Estoy muy de acuerdo con el pensamiento del autor excepto en la utilización de la fuerza como último instrumento para conseguir la unidad nacional. Creo que en ningún caso se debería utilizar para este fin. Estoy de acuerdo con él, con que el principal responsable del incremento del sentimiento independentista es el Estado español. Éste no ha sabido durante los últimos años comportarse como tal. Ha sido un Estado ficticio dividido en 17 mini estados. Ha sido un Estado dirigido por unos políticos ineptos que han permitido el expolio de su riqueza desde todos sus rincones.  Un Estado en ruinas, carente de cualquier tipo de proyecto ilusionante, que no solamente no ha sido capaz de avanzar hacia un mayor bienestar social sino que ha retrocedido. Un Estado que no se ha preocupado de salvaguardar los intereses de los ciudadanos, que no ha sido capaz de tener una posición decisiva en Europa, que en definitiva, ha dado la espalda a una sociedad de la que vive. Es cierto en mi opinión también, que los nacionalismos han sido excesivamente egoístas; nunca se han preocupado del bien común, se han preocupado exclusivamente de su bien particular. Por otro lado, creo también que la historia no puede determinar el futuro de una nación; está ahí para aprender de ella, pero no para copiarla. Podrá sugerirnos lo que es y no es conveniente hacer, pero quien determina el futuro de una nación son sus ciudadanos y las circunstancias en las que viven. Es además fundamental como dice Ortega, la existencia de una voluntad de convivir porque de las imposiciones solo nacen resistencias. Una voluntad de convivir que estará asegurada cuando el Estado actúe como tal, cuando cumpla con sus obligaciones y ejerza sus funciones, cuando sepa ser justo, cuando sepa persuadir, convencer y sobre todo razonar. Aunque para conseguirlo, probablemente sea necesario otra clase de políticos, y quizás también... otra España.

1 comentario:

  1. Interesante reflexión. Hace años leí a Ortega y me gustó su análisis(a grandes rasgos) pero no las soluciones al mismo, sobre todo en la parte de la fuerza.

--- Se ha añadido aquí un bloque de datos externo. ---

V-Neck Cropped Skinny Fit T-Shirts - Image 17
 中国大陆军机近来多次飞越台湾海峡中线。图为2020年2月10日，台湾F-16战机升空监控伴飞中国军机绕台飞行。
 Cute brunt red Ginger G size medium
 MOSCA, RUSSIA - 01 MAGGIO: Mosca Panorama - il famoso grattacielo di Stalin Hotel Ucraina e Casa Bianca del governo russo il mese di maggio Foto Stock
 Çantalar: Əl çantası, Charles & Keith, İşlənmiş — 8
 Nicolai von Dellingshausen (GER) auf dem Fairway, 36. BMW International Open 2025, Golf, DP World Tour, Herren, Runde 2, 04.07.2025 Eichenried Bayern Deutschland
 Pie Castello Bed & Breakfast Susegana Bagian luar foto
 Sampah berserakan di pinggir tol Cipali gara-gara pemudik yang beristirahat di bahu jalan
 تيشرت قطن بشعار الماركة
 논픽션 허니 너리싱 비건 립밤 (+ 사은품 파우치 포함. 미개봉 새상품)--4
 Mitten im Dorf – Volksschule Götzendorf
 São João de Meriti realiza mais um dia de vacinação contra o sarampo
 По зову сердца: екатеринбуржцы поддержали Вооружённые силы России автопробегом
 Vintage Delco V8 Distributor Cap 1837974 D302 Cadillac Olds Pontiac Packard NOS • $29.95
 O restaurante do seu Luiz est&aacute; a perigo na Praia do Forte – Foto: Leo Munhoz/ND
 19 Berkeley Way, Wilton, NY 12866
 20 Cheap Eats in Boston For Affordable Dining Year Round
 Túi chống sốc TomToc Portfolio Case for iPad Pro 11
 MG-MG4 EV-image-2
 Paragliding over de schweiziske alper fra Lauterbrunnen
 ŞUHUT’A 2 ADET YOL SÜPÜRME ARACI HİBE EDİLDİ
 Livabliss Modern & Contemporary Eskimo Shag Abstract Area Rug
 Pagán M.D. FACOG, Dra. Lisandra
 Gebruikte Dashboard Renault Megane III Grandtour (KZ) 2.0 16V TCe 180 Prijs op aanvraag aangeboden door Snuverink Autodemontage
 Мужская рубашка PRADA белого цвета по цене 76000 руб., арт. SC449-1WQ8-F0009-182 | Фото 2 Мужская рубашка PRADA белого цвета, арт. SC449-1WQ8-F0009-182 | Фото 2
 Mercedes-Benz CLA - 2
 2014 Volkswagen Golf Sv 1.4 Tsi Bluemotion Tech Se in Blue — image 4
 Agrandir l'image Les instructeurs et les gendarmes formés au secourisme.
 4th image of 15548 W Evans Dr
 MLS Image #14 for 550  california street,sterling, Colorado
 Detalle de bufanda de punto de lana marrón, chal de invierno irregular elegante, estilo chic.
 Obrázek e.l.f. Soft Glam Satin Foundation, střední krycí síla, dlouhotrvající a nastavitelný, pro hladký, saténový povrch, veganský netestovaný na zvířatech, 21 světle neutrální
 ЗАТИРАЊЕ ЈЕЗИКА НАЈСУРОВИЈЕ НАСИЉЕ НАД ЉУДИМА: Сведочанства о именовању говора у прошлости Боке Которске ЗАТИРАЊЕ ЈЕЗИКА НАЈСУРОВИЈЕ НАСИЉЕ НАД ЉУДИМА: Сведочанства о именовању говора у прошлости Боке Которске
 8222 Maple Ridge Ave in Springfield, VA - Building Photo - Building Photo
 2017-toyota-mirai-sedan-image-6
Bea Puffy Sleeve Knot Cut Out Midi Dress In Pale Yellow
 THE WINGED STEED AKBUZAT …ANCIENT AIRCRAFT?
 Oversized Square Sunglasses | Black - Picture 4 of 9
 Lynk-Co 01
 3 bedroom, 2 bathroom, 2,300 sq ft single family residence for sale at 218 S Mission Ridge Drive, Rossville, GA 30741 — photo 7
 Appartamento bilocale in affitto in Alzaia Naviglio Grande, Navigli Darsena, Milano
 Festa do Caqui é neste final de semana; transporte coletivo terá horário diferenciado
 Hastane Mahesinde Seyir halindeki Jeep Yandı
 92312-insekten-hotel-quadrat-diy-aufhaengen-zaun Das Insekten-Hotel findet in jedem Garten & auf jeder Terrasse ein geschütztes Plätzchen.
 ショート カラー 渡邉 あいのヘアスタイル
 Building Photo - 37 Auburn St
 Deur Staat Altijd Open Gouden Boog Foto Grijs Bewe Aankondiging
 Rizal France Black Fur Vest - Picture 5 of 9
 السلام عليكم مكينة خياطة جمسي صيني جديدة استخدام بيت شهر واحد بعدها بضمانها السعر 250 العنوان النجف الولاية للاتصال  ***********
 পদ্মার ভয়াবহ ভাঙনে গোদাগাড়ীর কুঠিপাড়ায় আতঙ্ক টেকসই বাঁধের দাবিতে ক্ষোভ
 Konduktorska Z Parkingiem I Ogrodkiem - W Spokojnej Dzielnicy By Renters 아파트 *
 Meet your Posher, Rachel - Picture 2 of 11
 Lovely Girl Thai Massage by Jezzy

    Un pueblo debería ser libre para poder decidir sobre su autodeterminación, pero es que no solo se niega ese punto, sino que se niega el mero hecho de preguntar si se estaría a favor o no en una consulta popular.
    ¿Y así se piensa que se va a estar agusto en la "nación madre"? Lo único que alimenta es el sentimiento del separatismo.
    Asturies es una nación con una historia independiente, que por circunstancias históricas pertenece a España desde hace siglos. Viendo el esplendor que tuvimos como nación independiente y la decadencia en la que vivimos ahora mismo dentro del Estado Español, no hace falta muchas luces para decir que -siendo ventajista- nos iría mejor como país independiente.
    Si bien ahora, en nuestra situación, sería imposible, sí que creo que medrar en una mayor autogestión de nuestros recursos, con un mayor control público, sería la primera piedra para volver a recuperar parte de esa gloria.
    Lo que está claro es que las naciones se rigen por sentimientos o por beneficio social/económico. Si falla una de las dos cosas, se puede compensar con la otra, pero si fallan las dos ... existe un problema.